Monday, April 12, 2021

The best time to do technical pre-design

I've been seeing developers discussing the details of implementation a lot recently. They spend a lot of time writing documents for choosing an option of data models, drawing flow diagrams to explain different ideas for a requirement, discussing how to entities design should be in tech huddles. But they just don't write code.


Pre-designs are required but not all the time. Sometimes the best way to find the best design is to write code. In this blog, I'm going to explain when we should do pre-designs and when should not.

What is design (noun)?

  • High-level design: the structure of domains, the interactions (also called contracts or interfaces) between different high-level domains

  • Middle-level design: the structure in the high-level domains, which is about subdomains and systems, plus the interactions among them

  • Low-level design: the structure of code in a system, which is about components (packages, classes), plus interactions among them.

Interactions include:

  • what - input and output

  • how - invoke or subscribe, plus the direction of the dependency

 


What is good design?

A good design supports future changes at a low cost at all levels.

What is a design activity?

Try our best to make a series of decisions for good designs at different levels.

 

Can we get the best design from the first design activity?

Of course, NO. Decisions in design activities are objective. They are very similar to bets. We are not able to verify the correction until we implement them.

The only way to find the best design is through evolutions by following the 4 rules of simple design and YAGNI all the time. This is very similar to the TDD practice.

However, the cost of each evolution is also based on the level of designs. Code-level refactoring is much cheaper than the system level. The reason is the complexity of high-level designs is much higher than low-level designs.

Diagram 1: cost to make an evolution (design change) vs the complexity of the current design

 

The diagram shows that it is not possible to only rely on evolutions to find the best design when the system gets complicated. So we have to find another way to maintain them at a reasonable cost. Since we can’t reduce the cost of each change, the only way is to reduce the number of changes. This is why we need the pre-design activities which should help us to avoid some future changes. But please notice that we’ll no longer be able to have the best design, and we have to rely on experts to make good decisions.
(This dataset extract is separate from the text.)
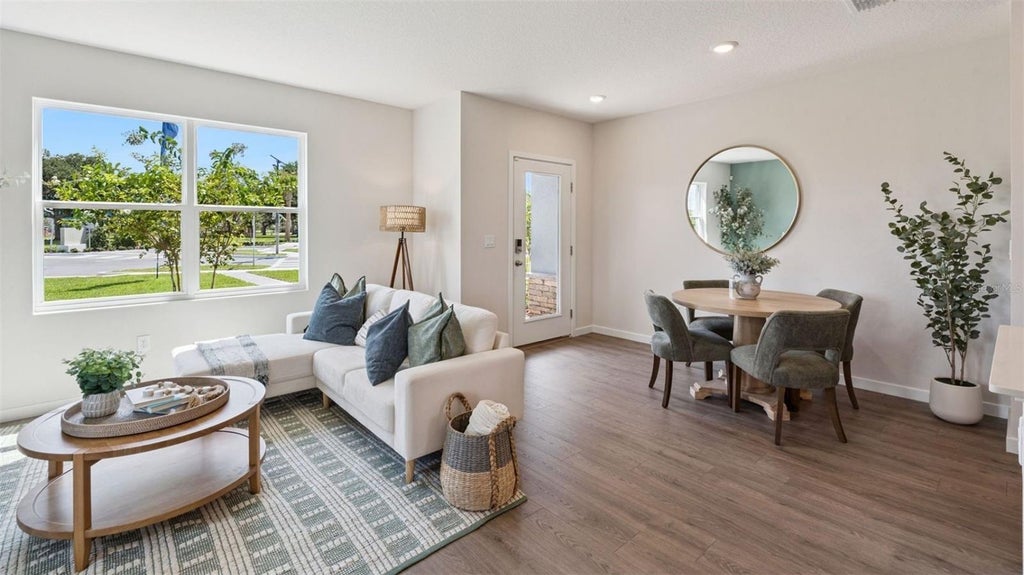 Photo of 2233 Rita Lane, Kissimmee, FL 34744 (MLS # O6441557)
Summarize the 2 ways to make a good design:

  1. TDD - refactor to make the design better

  2. Pre-design - rely on experts to make good decisions

 

When is the best time to have pre-design activities?

Diagram 2: compare 2 ways to make a good design

 

The diagram shows that if the systems involved (eg. systems in different domains) have high complexity, pre-design may perform better than the TDD approach. But keep in mind that keeping the designs in high-level (like contracts between domains) and avoiding the internal designs in each system because TDD is still the best approach for the internal designs which don’t have the high complexity.

 

Summary

We should follow the TDD approach by doing a lot of refactorings to find the best design in low-level designs. We should do pre-design to get a good enough design in high-level designs. We can mix the 2 approaches in middle-level designs.

 

By the way, a small company such as a startup usually doesn’t have high-level designs. So they can iterate very fast without having pre-design activities. However, they must make sure to do refactorings to keep the systems clean so that they can maintain the speed of delivery.